Decades ago, I was national executive vice president of a somewhat major American Zionist group. I came with a dynamic agenda. The president of the organization hired me because he liked me, and almost everyone on the executive board felt the same way. I had one problem: there was one guy who hated me and was determined not to let me get anything accomplished. It was a jealousy thing, and I soon learned that I was just the latest in a long line of his targets. One day, he got so disgusted with me that, in a fit of rage, he quit the board.
He had been on the board for decades and, even though everyone found him intolerable, they all begged him to remain, but he would not relent. He hated me that much. (I bring that out in people.) He quit.
From that day on, I was able to move my agenda forward.
I went through similar experiences at other times and places in my life. It was straight out of Ayn Rand’s Atlas Shrugged. As my readers know, I am not a marshmallow. Every so often, I have been in situations where some jealous mediocrity lived primarily to sabotage my agenda. I learned the following: You can make peace and live as a marshmallow, but if you really want to impact people’s lives and the world around you for good and wholesome purposes, sometimes you either need to get rid of the monkey wrench or you yourself need to quit and to form your own alternative vehicle to get the job done. There are so many self-help books and articles on how to deal with impossible people. (My favorite: Clergy Killers.)
And the extra beauty of it all: even as you move on and become productive with a more uniformly supportive group with a shared agenda and fewer social pathologies, all the revolutionary agenda items you pushed in the prior place also get achieved by the next guy who comes in because the troublemakers decide, in some passive-aggressive way, to get “revenge” by advancing your entire agenda — only under someone else’s leadership.

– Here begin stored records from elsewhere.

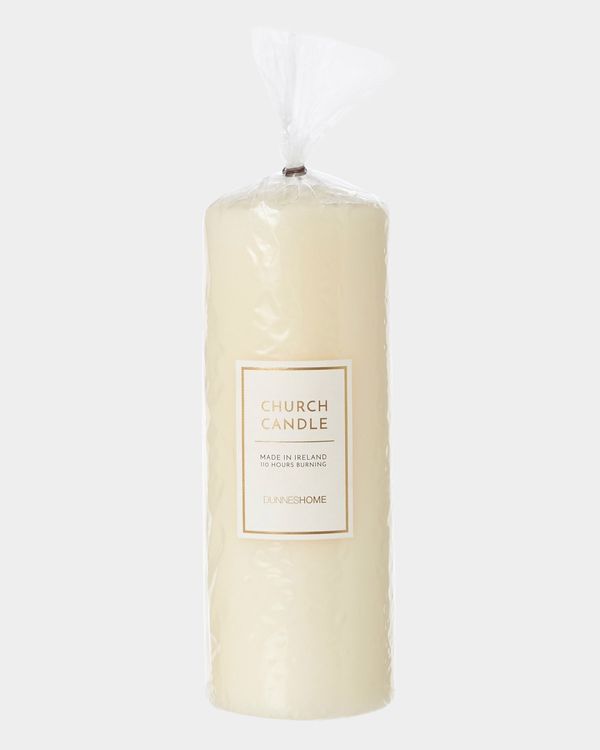 Large Church Candle 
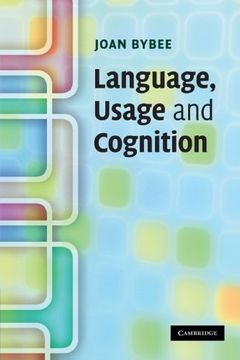 portada Language, Usage and Cognition (en Inglés)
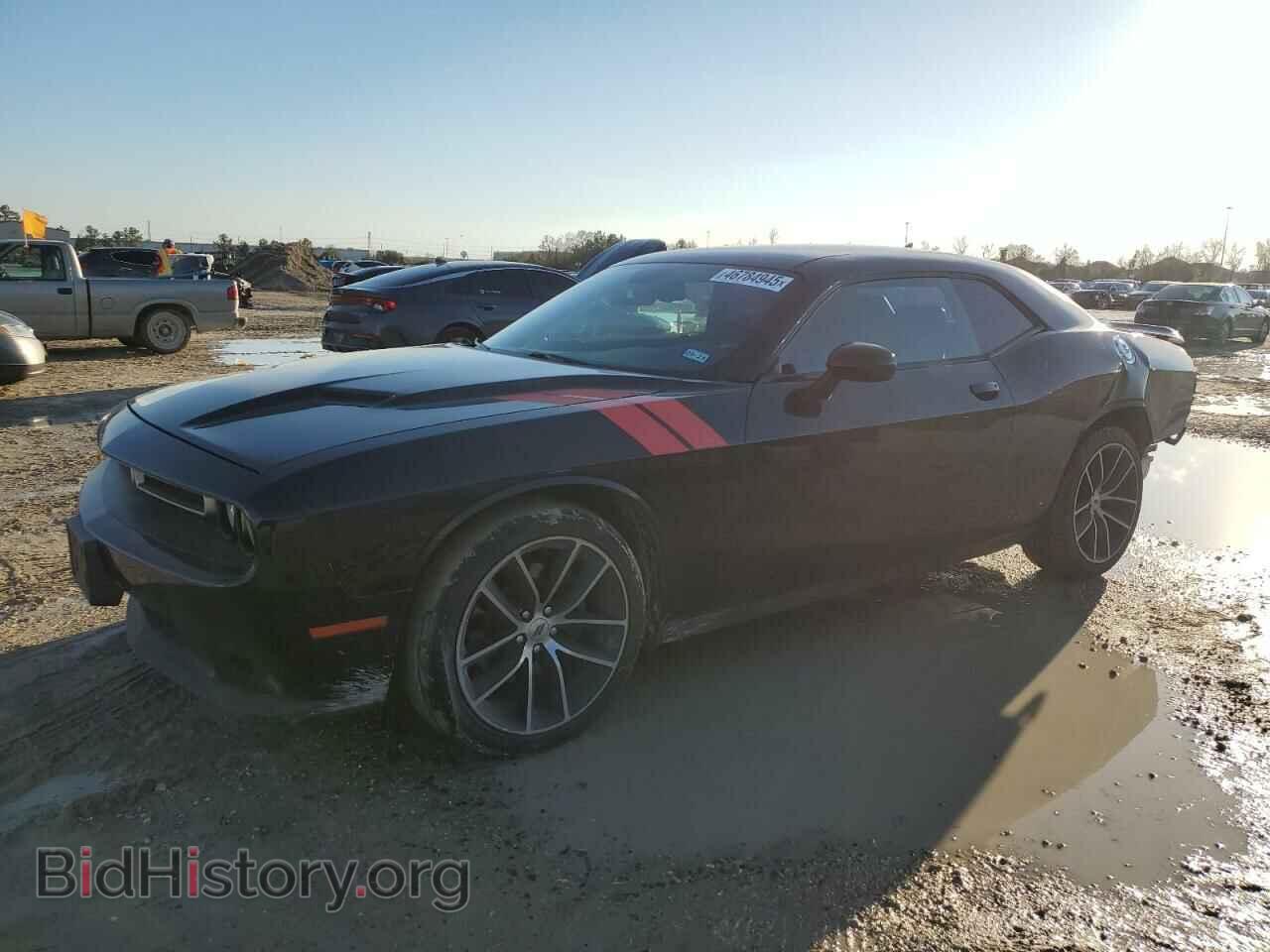 Photo 2C3CDZAG7GH316281 - DODGE CHALLENGER 2016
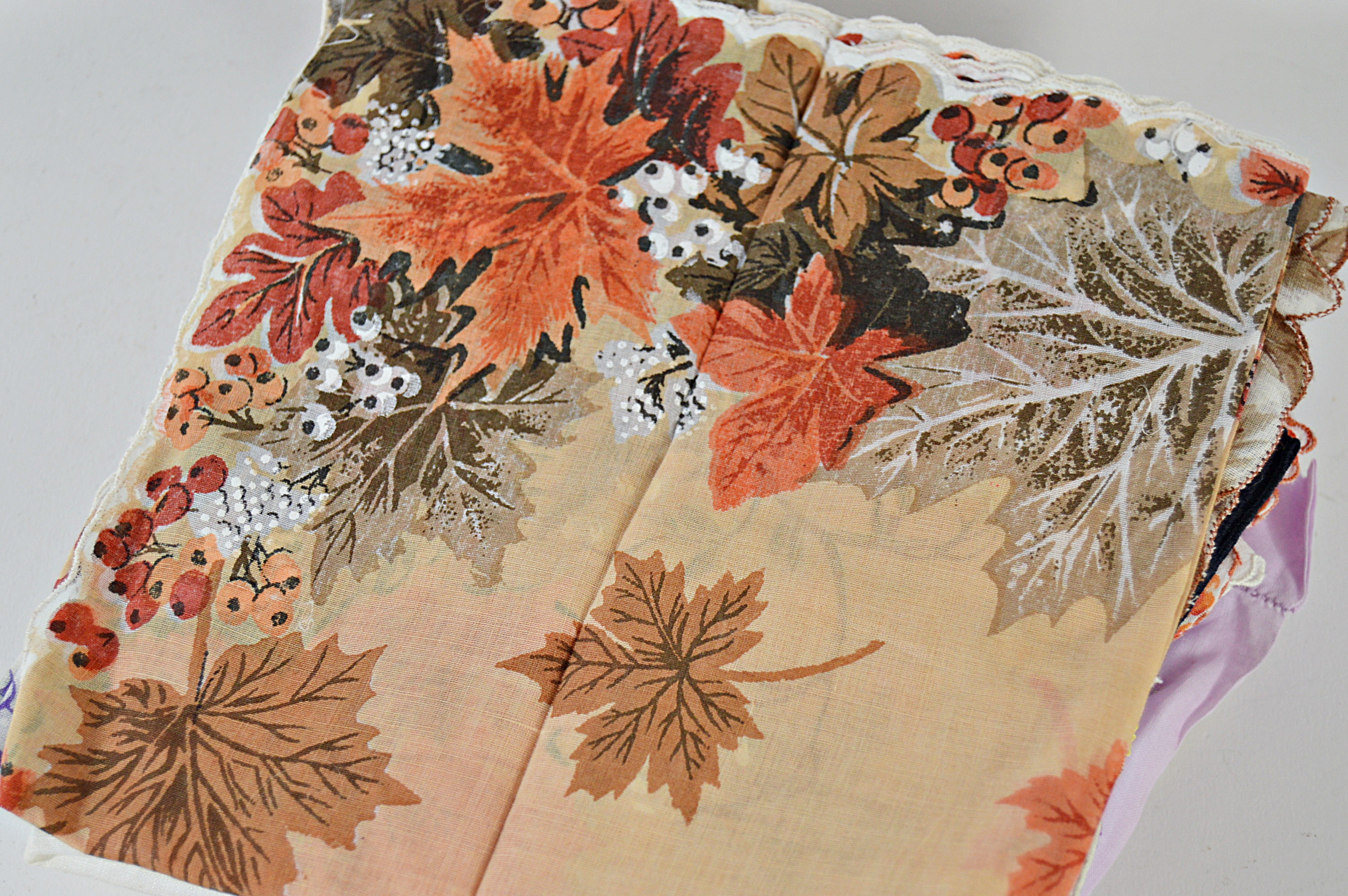 Vintage Handkerchiefs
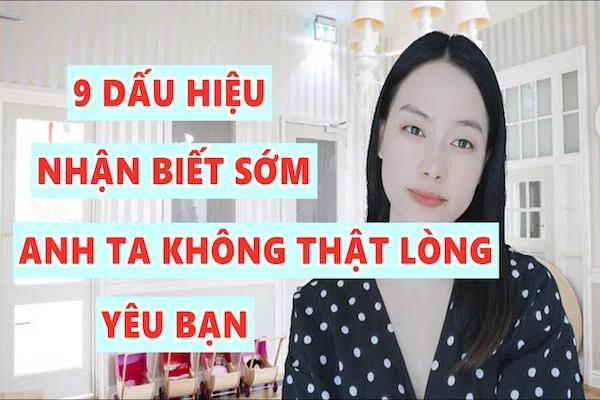 15 Biểu hiện của người đàn ông không yêu bạn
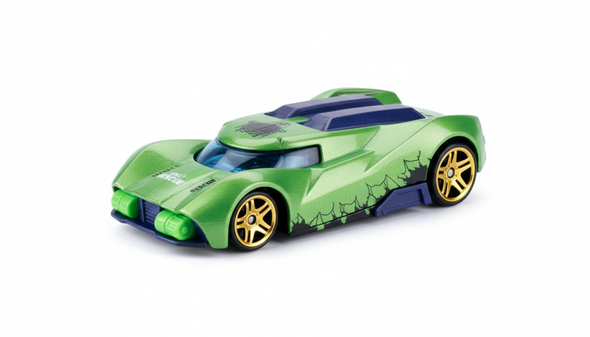 Avengers Hulk Die-Cast Metal Car - Green | 060-2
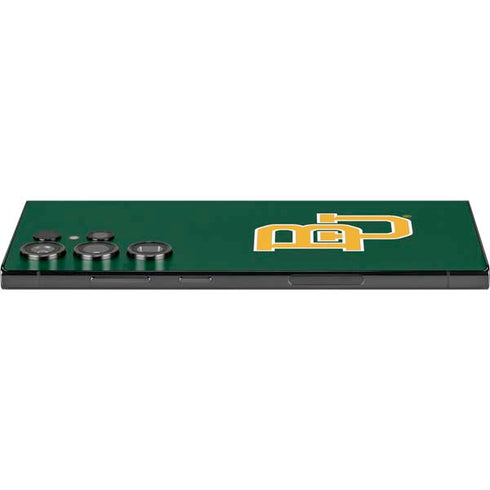 Baylor University BU - Green Galaxy S25 Ultra Skin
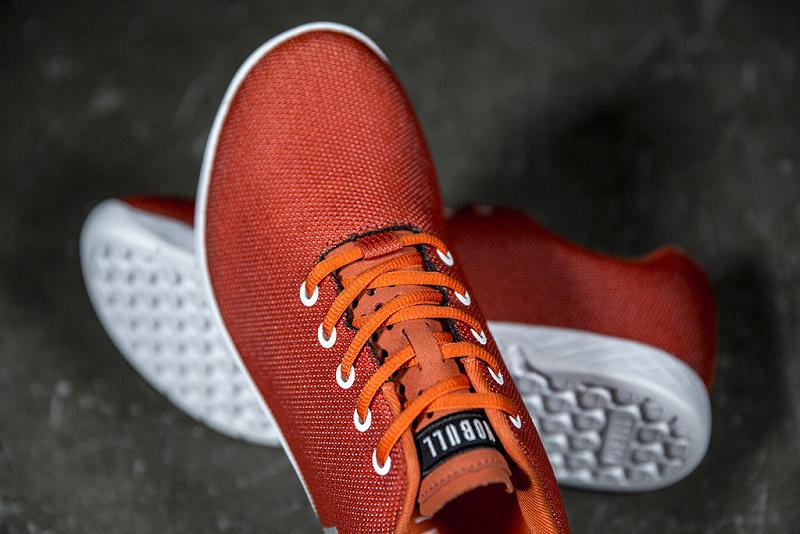 Orange Nobull Burnt Orange Men's Trainers | CA T1241C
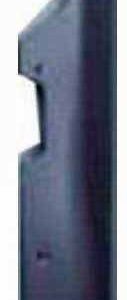 ACTROS (MP2) BUMPER END TRIM R/S SHORT (FIBER/B)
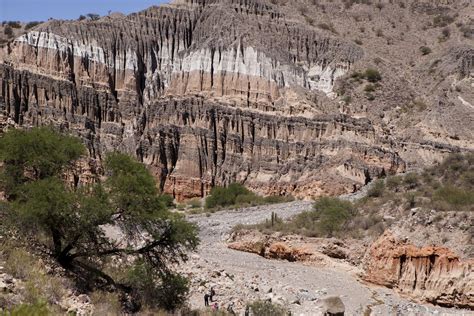 Los Castillos En Villa Vil Catamarca Cerca De La Ruta En El Norte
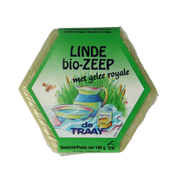 de Traay Zeep lindebloesem/koninginnegelei bio 100.00 Gram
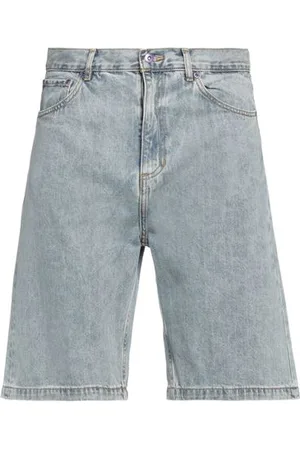 P.A.M. PERKS AND MINI BOTTOMWEAR - Denim shorts - on YOOX.com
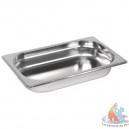 Bac inox gastronorm 1/4 265x162xh20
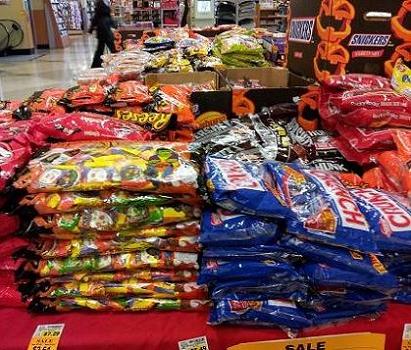 Halloween Candy - Halloween Treats Overload by Kerry of Healthy Diet Habits
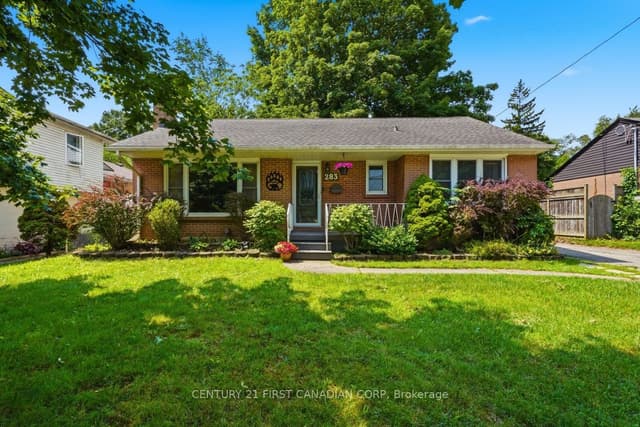 Detached at 283 Spruce Street, London East, ON N5W 4N2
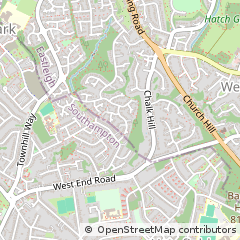 Map of Southampton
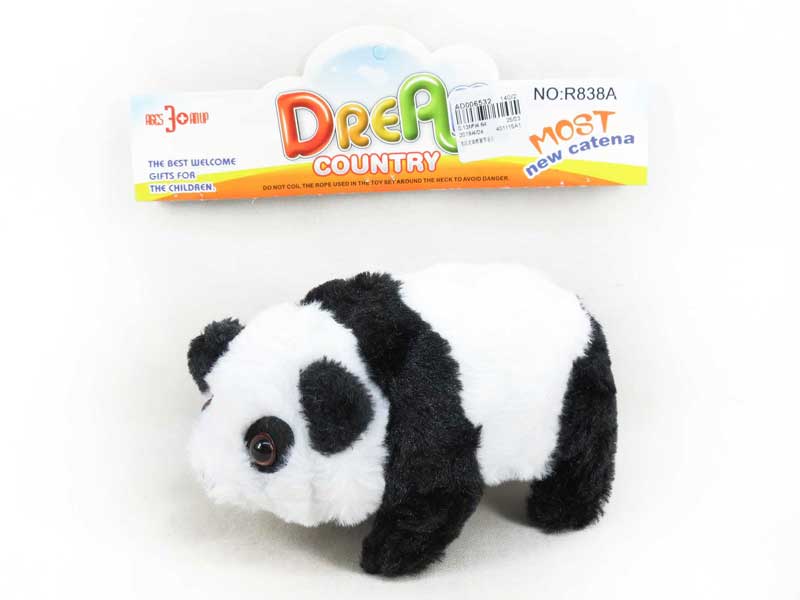 B/O Panda W/M toys
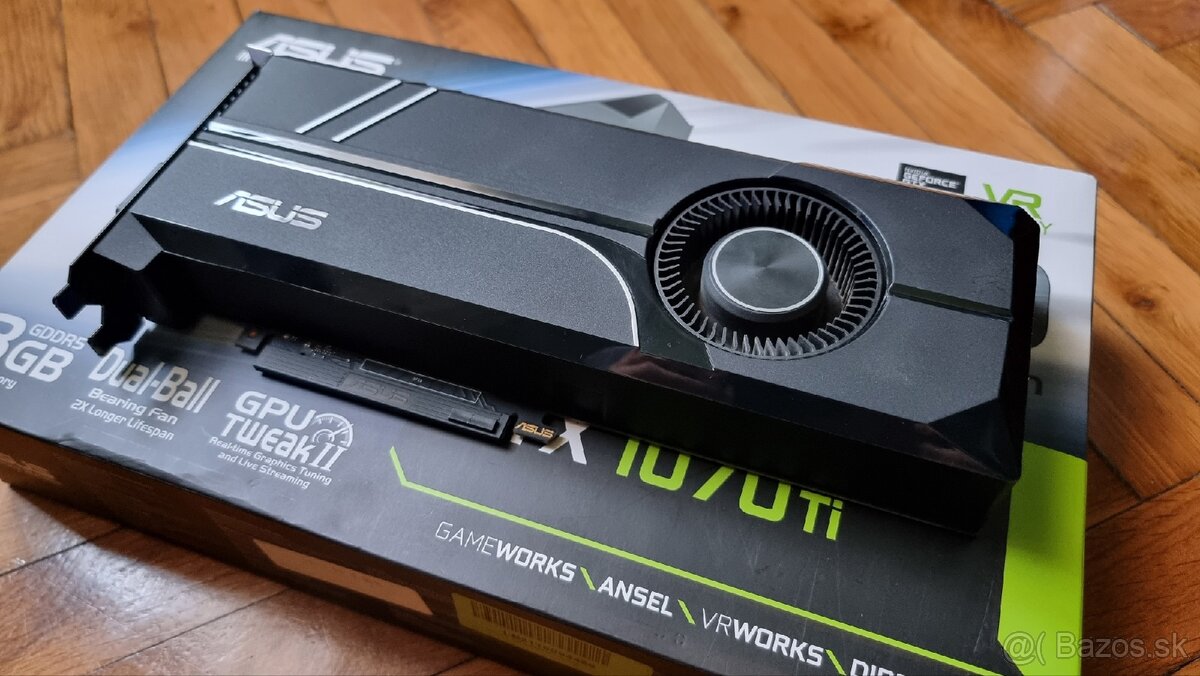 GTX 1070 Ti TURBO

If you are an egotist, that can really hurt. But if your sole motive is to do the right thing, see the right thing done, and serve G-d faithfully, then you smile and quietly rejoice that your revolutionary vision now has been accepted and implemented. So, as an example, if you want to build a mikveh and an Orthodox Day School in a community that has neither and does not want either, and you run into a board that opposes it, then you leave and live a happy life, teaching Torah and writing to influence an even larger public, all while that congregation proceeds to build a mikveh and start an Orthodox Day School six months after you leave. For them, it is passive-aggressive. For you, it is a delight: your mikveh gets built for the community, and you don’t even have to do the towels.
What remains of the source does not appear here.